I just don't go north east. I don't figure I could communicate. I worked on a project with PCL out of Canada (Pour now, Chip Later) head hunters from NY. We were in meetings 4 hrs a day going at each other. They would get me wound up tight (Plus the expresso) I would start speaking in my native tongue and they would have to stop the meeting laughing! But some people ask where I got it, they want one.... One wut?


----------



## Song Dog (Jun 12, 2008)

Yep! used the same book.:thumbsup:

In Christ,

Song Dog


----------



## futz (Sep 17, 2009)

slickrick said:


> I worked on a project with PCL out of Canada (Pour now, Chip Later)


I've done a little work for them. A guy I used to do work for was working for them as a job super, so I got called.


----------



## piercekiltoff (Jul 22, 2009)

I hired a driller out of Mississippi - couldn't understand 3 out of 5 words that came out of his mouth.

I have a helper from New Zealand working for me. It took about 3 months to get to where I could totally understand him - and he's been in the country for 4 or 5 years now. Still, every now and then he says something that I can't follow at all.


----------



## Regulator (Aug 20, 2009)

piercekiltoff said:


> I hired a driller out of Mississippi - couldn't understand 3 out of 5 words that came out of his mouth.
> 
> I have a helper from New Zealand working for me. It took about 3 months to get to where I could totally understand him - and he's been in the country for 4 or 5 years now. Still, every now and then he says something that I can't follow at all.

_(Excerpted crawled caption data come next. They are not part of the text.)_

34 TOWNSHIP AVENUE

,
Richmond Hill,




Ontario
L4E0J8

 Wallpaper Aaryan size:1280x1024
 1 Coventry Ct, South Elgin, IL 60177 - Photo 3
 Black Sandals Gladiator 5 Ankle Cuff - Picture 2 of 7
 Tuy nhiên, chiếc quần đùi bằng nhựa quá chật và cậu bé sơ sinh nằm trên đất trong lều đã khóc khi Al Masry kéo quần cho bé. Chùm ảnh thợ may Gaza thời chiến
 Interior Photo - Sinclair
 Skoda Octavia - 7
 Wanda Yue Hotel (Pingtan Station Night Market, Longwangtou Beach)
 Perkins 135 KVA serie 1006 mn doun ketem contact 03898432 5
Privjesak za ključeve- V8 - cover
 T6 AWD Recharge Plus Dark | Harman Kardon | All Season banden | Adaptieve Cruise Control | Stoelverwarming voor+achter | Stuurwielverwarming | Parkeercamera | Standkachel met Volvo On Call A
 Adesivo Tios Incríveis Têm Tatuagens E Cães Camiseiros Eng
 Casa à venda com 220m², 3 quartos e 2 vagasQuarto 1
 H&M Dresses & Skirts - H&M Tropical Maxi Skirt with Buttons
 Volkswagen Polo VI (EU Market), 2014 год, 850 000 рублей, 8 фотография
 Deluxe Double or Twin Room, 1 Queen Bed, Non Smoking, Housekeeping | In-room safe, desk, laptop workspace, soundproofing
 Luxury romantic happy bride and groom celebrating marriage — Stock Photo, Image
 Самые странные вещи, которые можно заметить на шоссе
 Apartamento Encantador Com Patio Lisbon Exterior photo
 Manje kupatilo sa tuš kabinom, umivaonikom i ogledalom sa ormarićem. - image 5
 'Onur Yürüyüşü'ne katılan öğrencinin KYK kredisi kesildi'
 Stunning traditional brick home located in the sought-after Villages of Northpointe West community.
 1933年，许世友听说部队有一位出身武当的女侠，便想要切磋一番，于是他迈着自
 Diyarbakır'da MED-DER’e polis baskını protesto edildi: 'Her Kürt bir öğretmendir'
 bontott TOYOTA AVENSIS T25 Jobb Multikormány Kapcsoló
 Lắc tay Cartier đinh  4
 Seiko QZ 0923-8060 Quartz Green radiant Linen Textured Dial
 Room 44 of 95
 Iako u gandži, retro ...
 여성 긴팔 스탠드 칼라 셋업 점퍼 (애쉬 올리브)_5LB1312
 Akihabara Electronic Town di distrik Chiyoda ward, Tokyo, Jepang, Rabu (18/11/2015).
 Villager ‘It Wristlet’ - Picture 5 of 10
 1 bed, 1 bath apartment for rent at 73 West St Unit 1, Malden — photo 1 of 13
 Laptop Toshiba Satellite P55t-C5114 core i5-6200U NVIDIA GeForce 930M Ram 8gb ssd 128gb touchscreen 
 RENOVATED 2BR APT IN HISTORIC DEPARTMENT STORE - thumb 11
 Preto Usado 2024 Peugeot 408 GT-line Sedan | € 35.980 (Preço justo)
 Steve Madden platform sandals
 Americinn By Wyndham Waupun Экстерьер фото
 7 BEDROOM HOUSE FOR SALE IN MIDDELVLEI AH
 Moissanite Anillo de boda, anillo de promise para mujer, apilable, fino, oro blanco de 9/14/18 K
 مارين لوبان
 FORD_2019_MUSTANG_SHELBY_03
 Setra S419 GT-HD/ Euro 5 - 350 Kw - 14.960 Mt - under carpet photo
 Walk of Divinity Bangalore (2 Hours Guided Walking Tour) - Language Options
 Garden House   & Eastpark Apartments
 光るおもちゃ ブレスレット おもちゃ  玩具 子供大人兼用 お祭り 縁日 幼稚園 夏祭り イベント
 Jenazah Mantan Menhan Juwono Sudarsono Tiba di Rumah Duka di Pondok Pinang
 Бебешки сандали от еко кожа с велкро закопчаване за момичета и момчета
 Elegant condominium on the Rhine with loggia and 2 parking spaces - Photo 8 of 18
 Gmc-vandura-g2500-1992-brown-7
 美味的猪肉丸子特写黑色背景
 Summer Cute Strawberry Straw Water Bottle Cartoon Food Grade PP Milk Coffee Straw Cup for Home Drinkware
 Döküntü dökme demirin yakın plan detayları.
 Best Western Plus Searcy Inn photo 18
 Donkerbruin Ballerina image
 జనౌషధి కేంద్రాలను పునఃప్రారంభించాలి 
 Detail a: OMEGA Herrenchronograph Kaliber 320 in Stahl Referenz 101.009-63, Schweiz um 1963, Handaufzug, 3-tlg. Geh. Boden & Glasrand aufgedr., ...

Sounds similar to when a Newfoundlander is in western Canada. :confused1: What did he say?


----------



## futz (Sep 17, 2009)

Regulator said:


> Sounds similar to when a Newfoundlander is in western Canada. :confused1: What did he say?


Ya, when I was in Ontario we worked with some Newfies. They could talk normal english with just the usual Newf accent, but if they wanted to "turn it on" you could understand maybe 1 word out of 10. Almost as bad as French.


----------